We'd like to think that, regardless of how routine our days may sometimes appear, our roles are a bit more noble. Our main "why" and "what" have to do with helping students achieve their own goals, and the goals implied by membership in a complex society - in short, we want to help kids, and we want to improve our world. It's important to remember this since, as one might guess, there's a lot of things important to us and our charges which don't distill down to multiple-choice questions on standards-based tests. One of those things is, of course, technology.

The use of technology in most professional workplaces - from the auto repair garage to the stock broker, from the receptionist to the television news anchor, and everything in between - is well documented and a given. Although our responsibility towards the traditional curricular content has not changed, the presence and importance of technology has added another agenda we can't ignore. Most assuredly, the testing moguls will catch up with this, and it will appear as a part of large assessment mechanisms. But if we care about preparing students, and enhancing their experiences, we shouldn't wait until we're forced!

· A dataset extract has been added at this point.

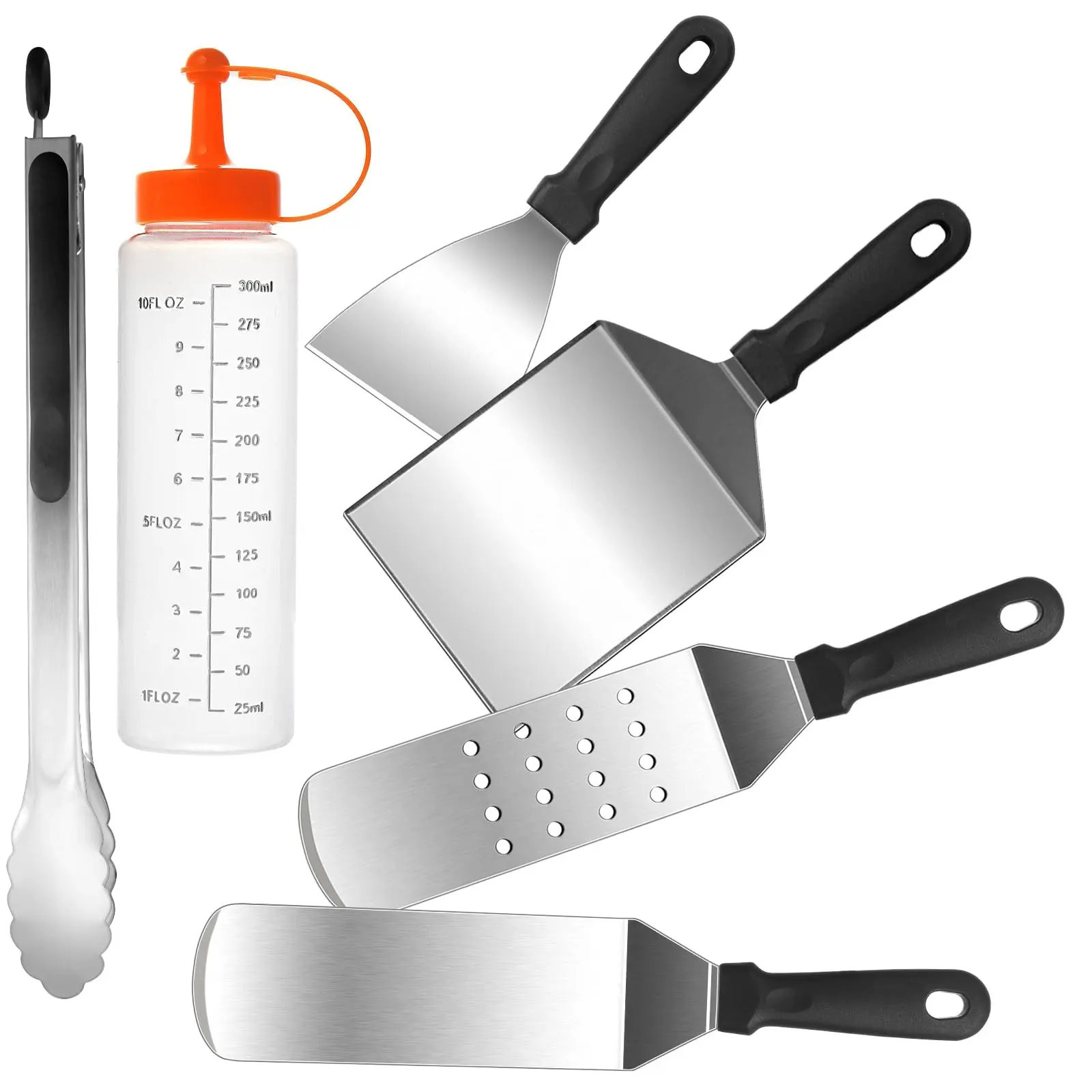 6pcs Griddle Accessories Kit, Heavy Duty Stainless Steel Griddle Tools Spatulas Set for Blackstone - Commercial Grade Flat Top Grill Accessories Barbecue Utensils Grilling Tools - Great for Outdoor BBQ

But as many who have followed my musings (both of them - my mother and my wife!) know, there are things technology can do that feed and encourage all the other things we must and/or should teach. In this month's TIPS is one such resource - video conferencing technology. This capability isn't new - we featured a video conference connection between Bryan Station High and Breckenridge Elementary in our April 2002 edition of TIPS. However, the technology has improved, making such connections easier and more flexible - take a look at this month's Connections for details.

Connecting people is one of the things technology does best. From the PA system to the website, from the telephone to the international LISTSERV, technology does a fabulous job of connecting students to information, media, each other, and educational resources and instructional helps.. Just as importantly, such technology can instantly connect teachers and schools to each other, to instructional resources (including lesson plans and ideas)...even to the very standards over which their students will be assessed!

What should we teach? Not only must technology be a part of the answer to that question, it will provide a medium and a forum through which we can answer it. Why should we teach technology? Because it will, without a doubt, help our students achieve their goals. Whether it will match our other lofty aim - improving our world - is, like any such pursuit, up to us...but the potential, just like that in our students themselves, is there.